Doch mit der Chemotherapie konnte nie begonnen werden und Frau Albach verstand nach und nach, dass es für sie eine „Heilung durch Chemotherapie“, von der sie bei meinen ersten Besuchen oft sprach, nicht gab.

Für mich letztlich unvermittelt redete sie plötzlich über den möglichen Tod: „Ich kann doch noch nicht sterben, sonst lebt ja bald niemand mehr aus meinem Dorf.“ Und sie erinnerte sich an ihr kleines Dorf, die Schrecken der Flucht 1945, das langsame Ankommen in Deutschland. „Heute würde mir keiner glauben, wie armselig ich hier angekommen bin“, meinte sie stolz.

Und sie erzählte von ihrem Leben hier, ihrem kleinen Friseurladen, den sie mit Liebe und großer Eigeninitiative aufgebaut hatte, den vielen Lehrlingen, denen sie über manch schwere Zeit hinweggeholfen hatte. „Ohne mich und meine Geduld hätten manche nie durchgehalten“, war sie überzeugt. „Ich habe viel erreicht“, betonte sie mehrmals.

Wenige Tage vor ihrem Tod bat sie mich in ernstem Ton, das nächste Mal mit besonders viel Zeit im Gepäck zu kommen.
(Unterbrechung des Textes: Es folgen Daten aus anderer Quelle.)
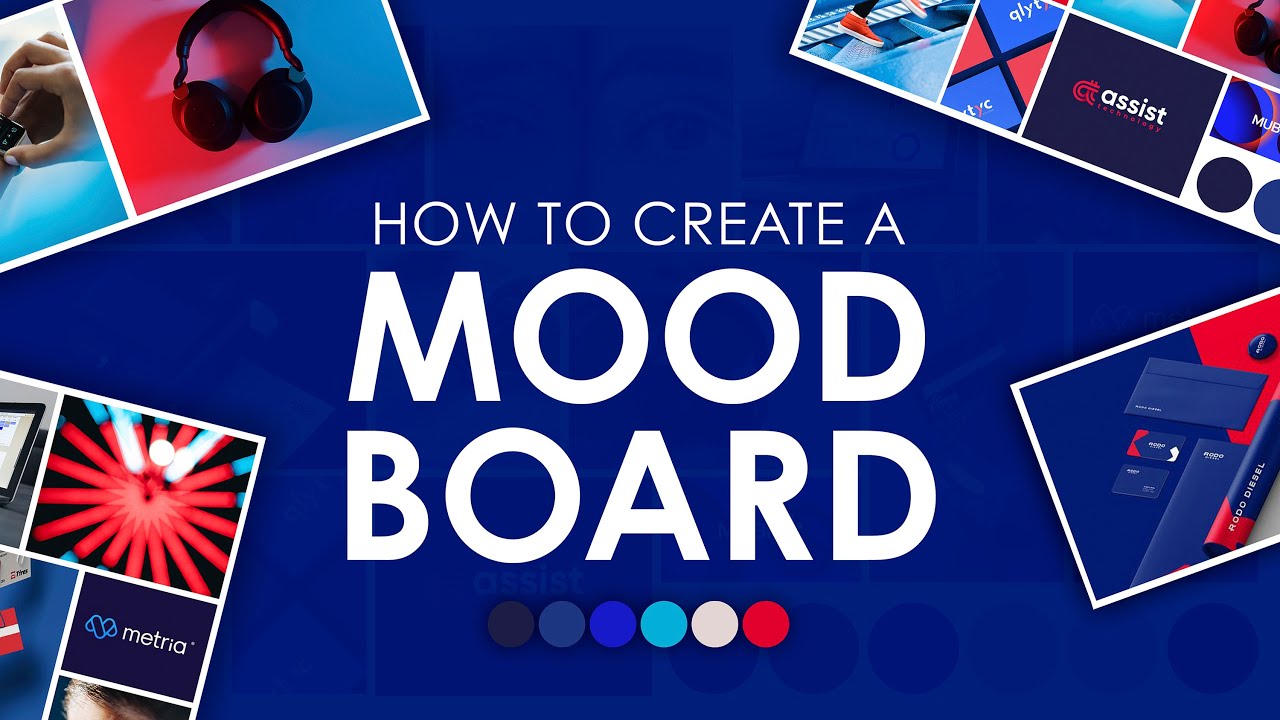 How to Create a Great Mood Board | Simple Step by Step Guide - YouTube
Ich kam gleich am nächsten Tag und Frau Albach begann ohne Umschweife, von der Zeit ihrer Flucht in den Westen zu erzählen. Sie erinnerte sich an quälende Kälte, unsagbare Erschöpfung, entsetzliche Angst und furchtbaren Hunger: „Egal was wir taten, wir hatten einfach nicht genug. Mal rückten wir als Familie zusammen, mal verdächtigte jeder den anderen, etwas gegessen zu haben, was ihm nicht zusteht. Es gab Zeiten, da habe ich alles getan für ein Stück Brot.“

„Meine drei kleinen Geschwister haben die Flucht nicht überlebt“, flüsterte Herta Albach, „sie sind unterwegs verhungert.“ Und sie bat mich um eine kleine Segensfeier für diese drei Kinder, zwei Mädchen und ein Junge; sie hatte sich auch schon genau überlegt, wie sie diese Feier gestalten wollte.

Zunächst nannte sie den Namen jedes Geschwisterkindes. Dann erzählte sie alles, was sie von diesem Kind wusste: die Frisur, ein Lispeln, der ausgefallene Zahn, die Geschichte eines Streits. Sie rang jedes Mal lange mit sich und ihren Erinnerungen, mühte sich, bat mich um Nachfragen. Sie ließ sich viel Zeit und freute sich über jedes Detail, das ihr einfiel. Am Ende jeder kleinen Biografie formulierte sie selbst ein Gebet und bat mich um den Segen.

Bei meinem nächsten Besuch war Herta Albach nicht mehr ansprechbar. In den Tagen bis zu ihrem Tod erlebte ich sie ganz ruhig und entspannt.

1 In diesem Buch werden reale Erfahrungen verarbeitet. Die konkreten Personen, ihre Namen und Handlungen sind dagegen frei erfunden. Jede Ähnlichkeit mit realen Personen oder Persönlichkeiten ist nicht beabsichtigt und wäre rein zufällig.